简体繁体 English

两个 Spark 结构化流作业无法写入相同的基本路径

[英]Two Spark structured streaming jobs cannot write to same base path

原文 2020-01-17 09:05:01 8 1 apache-spark/ spark-streaming/ spark-structured-streaming

Spark Structured Streaming doesn't allow two structured streaming jobs to write data to the same base directory which is possible with using dstreams. Spark Structured Streaming 不允许两个结构化流作业将数据写入同一个基本目录，这可以通过使用 dstreams 实现。

As _spark_metadata directory will be created by default for one job, second job cannot use the same directory as base path as already _spark_metadata directory is created by other job, It is throwing exception.由于 _spark_metadata 目录将默认为一个作业创建，第二个作业不能使用与基本路径相同的目录，因为其他作业已经创建了 _spark_metadata 目录，它抛出异常。

Is there any workaround for this, other than creating separate base path's for both the jobs.除了为两个作业创建单独的基本路径之外，是否有任何解决方法。

Is it possible to create the _spark_metadata directory else where or disable without any data loss.是否可以在其他位置创建 _spark_metadata 目录或禁用而不会丢失任何数据。

If I had to change the base path for both the jobs, then my whole framework will get impacted, So i don't want to do that.如果我必须更改两个作业的基本路径，那么我的整个框架都会受到影响，所以我不想这样做。

1 个解决方案

No, changing the metadata directory name or location is not possible yet.不，尚无法更改元数据目录名称或位置。 You can refer to this link for more information.您可以参考此链接了解更多信息。
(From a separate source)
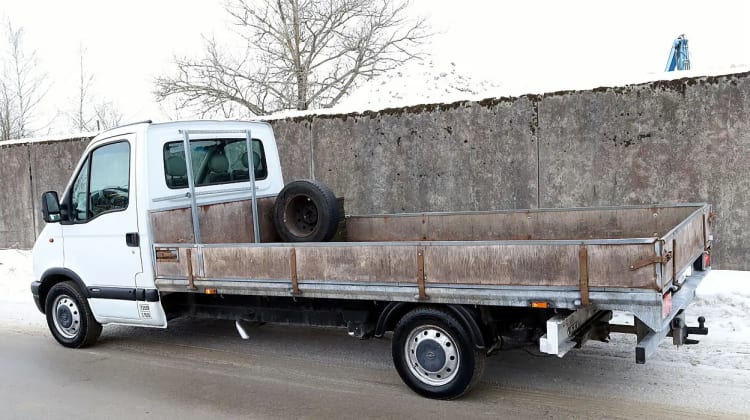 Opel Movano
Could you eleborate why you will have to change model of your project for changing a path.您能否详细说明为什么必须更改项目模型才能更改路径。 Is the path hardcoded?路径是硬编码的吗？ Or are you reading this data in a particular manner no that would be affected?或者您是否以特定方式读取这些数据，不会受到影响？
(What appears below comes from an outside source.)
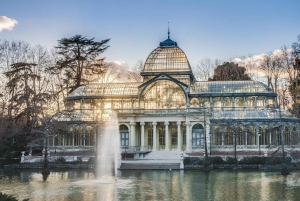 Madrid: tour en Segway por el Parque del Retiro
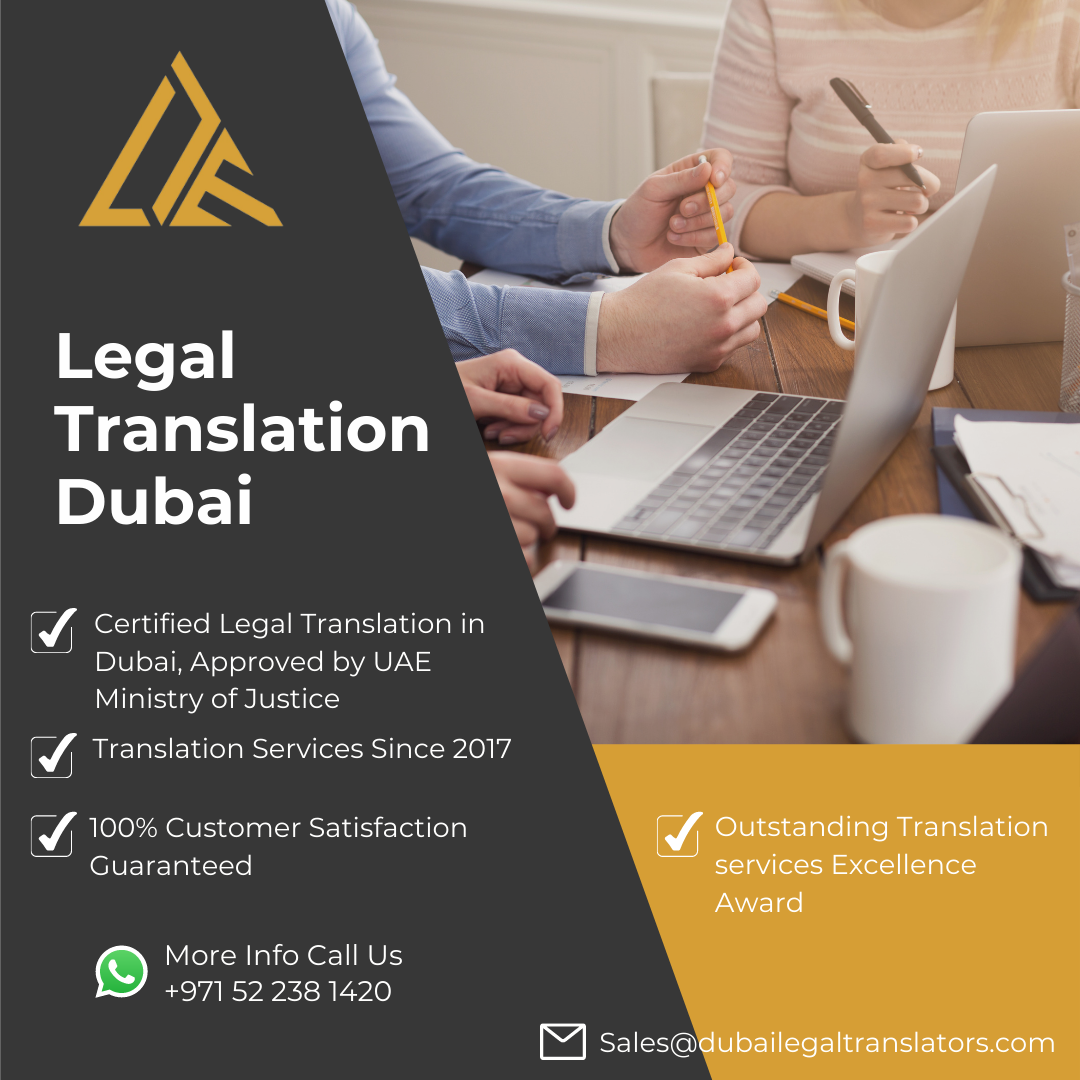 Expert Legal Translations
Edit 1: You can use Partitions here.编辑 1：您可以在此处使用分区。 Example, if the data is stored as parquet you can have partitions in you base path.例如，如果数据存储为镶木地板，您可以在基本路径中进行分区。 You can add a column "src" that has source of data, like SW1 for Stream writer 1 and SW2 for Stream Writer 2.您可以添加具有数据源的列“src”，例如用于 Stream writer 1 的 SW1 和用于 Stream Writer 2 的 SW2。
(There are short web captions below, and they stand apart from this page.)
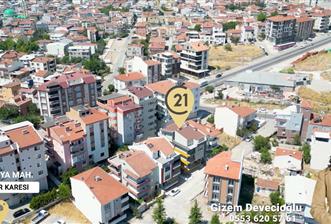 C21 BAL'DAN ÖZEL OKULLAR YAKININDA 2+1 SATILIK GENİŞ DAİRE - 10 - 29596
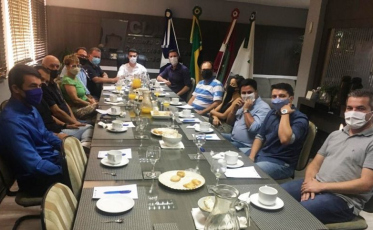 Emenda parlamentar permitirá obra do deck em Tubarão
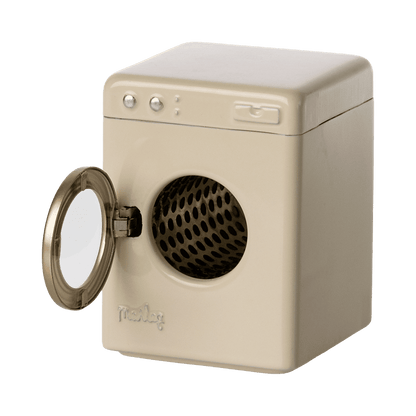 Maileg Docktillbehör, Tvättmaskin för möss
These will have below paths in hdfs:这些将在 hdfs 中具有以下路径：

<base-path>/src=SW1 <基本路径>/src=SW1
<base-path>/src=SW2 <基本路径>/src=SW2

Now your each job can directly write to their corresponding partition and your other jobs can continue reading from base path.现在您的每个作业都可以直接写入其对应的分区，而您的其他作业可以继续从基本路径读取。